In the second part of the Investing in China 101 series, Investing in China 101 part 2: Overview of Chinese Stock Exchanges we provided an overview of the three main stock exchanges in China: Shanghai Stock Exchange, Shenzhen Stock Exchange, and Hong Kong Stock Exchange. This article aims to provide an overview of the different share classes of Mainland China affiliated companies that are traded on these three stock exchanges.

A Shares

A Shares are shares of companies incorporated in China Mainland that trade on either Shanghai Stock Exchange or Shenzhen Stock Exchange and with share prices denominated in Chinese Yuan (CNY). Historically, A shares could only be traded by China Mainland investors due to China's restrictions on foreign investment. However, since 2003, select foreign institutions have been able to trade A Shares under the Qualified Foreign Institutional Investor (QFII) system.

Furthermore, since 2014, non-China Mainland individuals has also been able to access A Shares under the Stock Connect programs first mentioned in Investing in China 101 Part 1: The history of the Chinese Stock Market. With the total number of A Shares approaching 4,000 and with a total market capitalization of more than USD 10 trillion, the A Shares market is dwarfing all the other share classes below even if they were combined.

B Shares

B Shares are shares of companies incorporated in China Mainland that trade on either the Shanghai Stock Exchange or Shenzhen Stock Exchange but as opposed to A Shares, B Shares have share prices denominated in USD Dollars (USD) when traded in Shanghai and Hong Kong Dollars (HKD) when traded in Shenzhen.

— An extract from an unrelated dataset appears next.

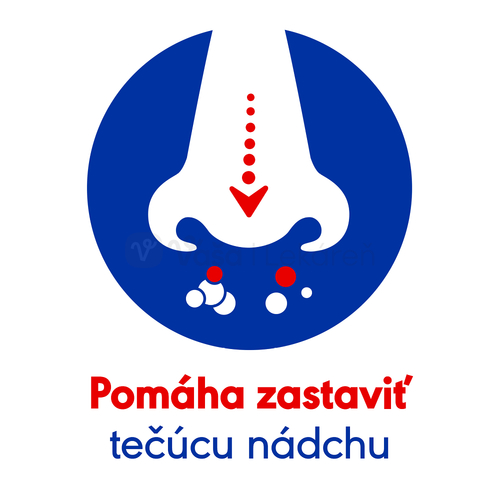 Otrivin Complete Tečúca nádcha a upchatý nos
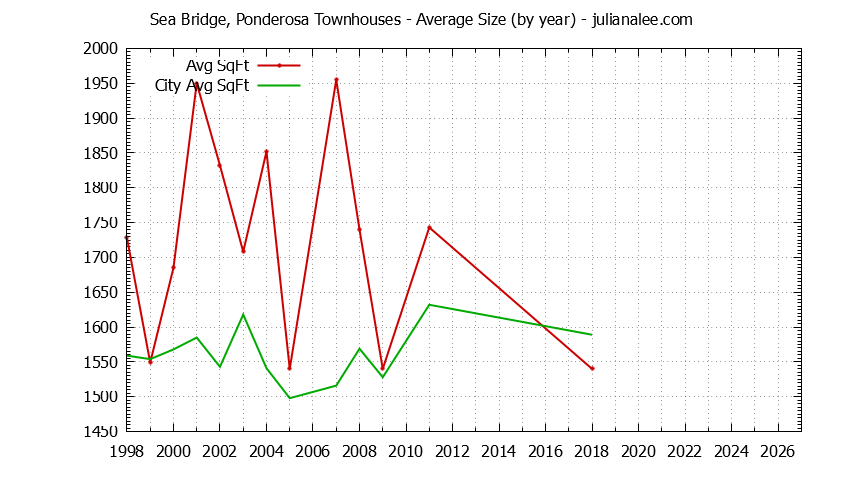 Yearly Average Size of Sea Bridge, Ponderosa vs. Redwood Shores Townhouses Sold Graph of the Yearly Average Size of Sea Bridge, Ponderosa vs. Redwood Shores Townhouses Sold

B Shares were historically limited to non-China Mainland investors but since 2001, China Mainland investors with appropriate foreign currency dealing accounts were granted access to the B Share market. As foreign investors are slowly getting better access to the A Shares market, the appeal of the B Shares market has declined resulting in limited liquidity and market capitalization.

H Shares

H Shares are shares of companies incorporated in China Mainland that trade on Hong Kong Stock Exchange with share prices denominated in Hong Kong Dollars (HKD). As H Shares are open for trading to all investors, H Shares are often more liquid than A Shares.

Red chips

Red chips are shares of companies incorporated outside China Mainland (mostly in Hong Kong) that trade on Hong Kong Stock Exchange with share prices denominated in Hong Kong Dollars (HKD). A Red Chip is substantially owned directly or indirectly, by the Chinese government (the name Red chips reflect China’s red flag) with the majority of its revenue or assets derived from Mainland China.

P chips

P chips are shares of companies incorporated outside China Mainland that trade on Hong Kong Stock Exchange with share prices denominated in Hong Kong Dollars (HKD). A P Chip is controlled by Mainland Chinese companies or individual with the majority of its revenue or assets derived from Mainland China.

Summary

The A Shares market is the overwhelmingly largest market for Chinese shares both in terms of number of shares listed as well as market capitalization. Although, foreign investors are slowly getting better access to the A Shares market through QFII and Stock Connect programs there still exists significant restrictions for foreign investors. Foreign investors have full access to B Shares listed in Mainland China as well as full access to H Shares, Red Chips and P Chips listed in Hong Kong.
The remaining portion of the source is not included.